# Fish Finder Batteries



## rustyfish (Apr 27, 2004)

What batteries do you guys use on kayaks for sonars. Before I go spend $40 on a new motorcycle battery I just wanted to see what others used. I have heard of a few options but I'm not sure what will be the best. I want small and light, but I also want to make sure it will provide enough power and last long enough.


----------



## SeanStone (Sep 8, 2010)

Through contless hours of surfing the web i found that the cheapest, and in my opinion best option is to get a 12 volt deer feeder battery from tractor supply. Its priced around $40 with its rechargable cable. From what i heard it will last for 4 to 5 trips....but a lot depends on the draw of your fishfinder and how much you use it. I think they weigh 4lbs and its leak proof/ opperates in any position. Which is good for the stream if you ever tip your yak.

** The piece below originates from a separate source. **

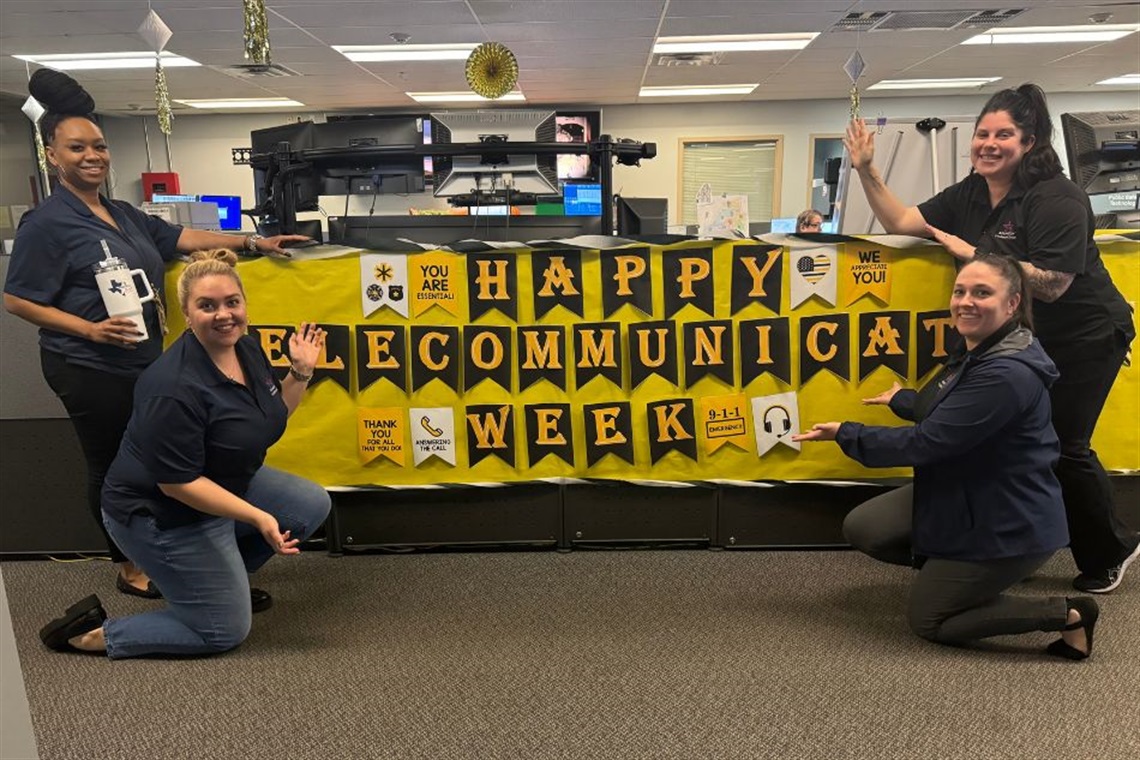 Arlington Dispatch employees with banner that reads Happy Telecommunicators Week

Another, cute, option is to run 8 aa batteries in a series to power your fishfinder. It weighs nearly nothing. Some people will seal them in a container to make them waterproof. This method only lasts 2 trips or so. Do the math and if you fish a lot, your going to spend a small fortune on batteries.

Just telling you what i have read/researched. I'm sure others will chime in with their experiences. Looking foward to hearing what others are doing as well.


----------



## monsterKAT11 (Jun 20, 2004)

I had the same exact experience as montagc. I am also using a lead acid battery. 12v 17/AH I believe. Can be recharged with a trickle charger I bought one on amazon for 20 bucks. I have also seen lead acids for 17 bucks online. Mine also ran over 24 hours on high illumination. It's a garmin echo 150 btw.


----------



## Bowhunter57 (Feb 9, 2011)

Here's what I'm using...it's a lunch pail from Walmart with the battery from my Troy-Bilt ridermower. The ice pack compartment holds my Eagle 350c screen. All of the wiring and transducer are fixed onto my kayak. All I have to do is sit the battery in the kayak, plug in the screen and connect to the battery with the alligator clamps and slide it up inside the hull. The "battery bag" has a hard plastic box to contain the battery and it all weighs about 15 lbs. and lasts for about 6 hrs. of fishing. It gets charged when I mow the grass, but when I'm not mowing I put it on a charger. 



















Bowhunter57


----------



## Nubes (Dec 3, 2012)

I use a GPS 12 volt in a Pelican 1120 waterproof case. My Lowance fish finder has gone 3 long days without a recharge but it really depends on how much juice your finder uses. Mine is a simple Lowrance Mark 4 black and white but if got a Hummingbird with 3D imagining you might barely get through a full day with a 12 volt??


----------



## Snakecharmer (Apr 9, 2008)

Cabela's has theirs in the bargain cave with a charger for $28


----------



## rustyfish (Apr 27, 2004)

Love me some bargain cave!


----------



## Snakecharmer (Apr 9, 2008)

rustyfish said:


> Love me some bargain cave!


I see they also have 2 batteries and the charger for $33....

12v 8amp 4" tall x6" long x2.5" wide


----------



## ski (May 13, 2004)

I'm in the process of getting a battery for mine. I'm headed over to cabelas when they open and buy one of their batteries with a charger. Cheap and seem to work for others.
Ski


Posted using Outdoor Hub Campfire


----------



## ski (May 13, 2004)

Normally two batteries with charger is $55 and 1 battery with charger is $33. 


Posted using Outdoor Hub Campfire


----------